L'introduction d'une filière bilingue nécessite un développement scolaire ciblé, soutenu tant par la direction d'école que par les autorités compétentes.
Avant de planifier et de mettre en œuvre une filière bilingue complète, il est essentiel de s'assurer que des ressources humaines suffisantes sont disponibles. Les enseignant.e.s doivent suivre suffisamment tôt des formations continues appropriées et disposer de suffisamment de temps pour se préparer à la nouvelle forme d'enseignement.
Quelles sont les écoles obligatoires avec des classes immersives isolées ?
La grande majorité des projets bilingues à l'école obligatoire suisse concerne des classes isolées qui bénéficient d'un enseignement immersif sur deux à quatre ans (p. ex. classes enfantines de la Vignettaz, FR).
En d'autres termes, l'enseignement immersif ne doit pas être proposé sur l'ensemble de la scolarité, mais peut être limité à certaines années scolaires.

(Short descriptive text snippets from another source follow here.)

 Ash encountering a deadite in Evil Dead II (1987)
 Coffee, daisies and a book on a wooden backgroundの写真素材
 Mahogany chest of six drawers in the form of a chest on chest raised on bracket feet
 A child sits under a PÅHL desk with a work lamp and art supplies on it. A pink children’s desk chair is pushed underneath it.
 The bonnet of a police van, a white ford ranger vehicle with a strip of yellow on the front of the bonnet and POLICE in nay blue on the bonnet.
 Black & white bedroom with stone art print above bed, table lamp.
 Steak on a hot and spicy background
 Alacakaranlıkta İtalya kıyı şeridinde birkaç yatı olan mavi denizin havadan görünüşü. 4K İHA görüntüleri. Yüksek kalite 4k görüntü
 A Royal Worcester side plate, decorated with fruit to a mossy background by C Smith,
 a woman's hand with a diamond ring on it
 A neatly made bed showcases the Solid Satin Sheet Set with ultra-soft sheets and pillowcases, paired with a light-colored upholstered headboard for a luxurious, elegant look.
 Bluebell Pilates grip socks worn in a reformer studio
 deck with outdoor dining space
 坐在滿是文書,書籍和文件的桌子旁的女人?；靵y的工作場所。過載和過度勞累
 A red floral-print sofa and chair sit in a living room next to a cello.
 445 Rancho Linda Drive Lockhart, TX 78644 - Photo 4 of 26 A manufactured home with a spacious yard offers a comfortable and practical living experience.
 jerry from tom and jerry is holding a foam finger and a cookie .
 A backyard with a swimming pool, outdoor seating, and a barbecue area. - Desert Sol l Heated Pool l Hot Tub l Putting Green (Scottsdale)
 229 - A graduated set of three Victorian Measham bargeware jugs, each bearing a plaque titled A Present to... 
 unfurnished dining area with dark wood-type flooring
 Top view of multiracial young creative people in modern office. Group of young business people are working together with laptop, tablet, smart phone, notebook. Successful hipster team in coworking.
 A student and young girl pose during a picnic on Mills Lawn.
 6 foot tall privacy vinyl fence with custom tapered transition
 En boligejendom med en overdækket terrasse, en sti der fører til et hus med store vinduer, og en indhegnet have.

Il est certes regrettable que l'expérience bilingue se termine après une seule année scolaire, mais même dans un temps limité, les élèves profitent de chaque heure supplémentaire pendant laquelle ils ont un contact intensif avec la langue cible.
Souvent, un projet bilingue dans une école est lancé par des enseignant.e.s motivé.e.s qui commencent dans leurs classes et entraînent progressivement les collègues selon le principe de la boule de neige (voir p.ex. ANIMA, NE ou SOprima, SO).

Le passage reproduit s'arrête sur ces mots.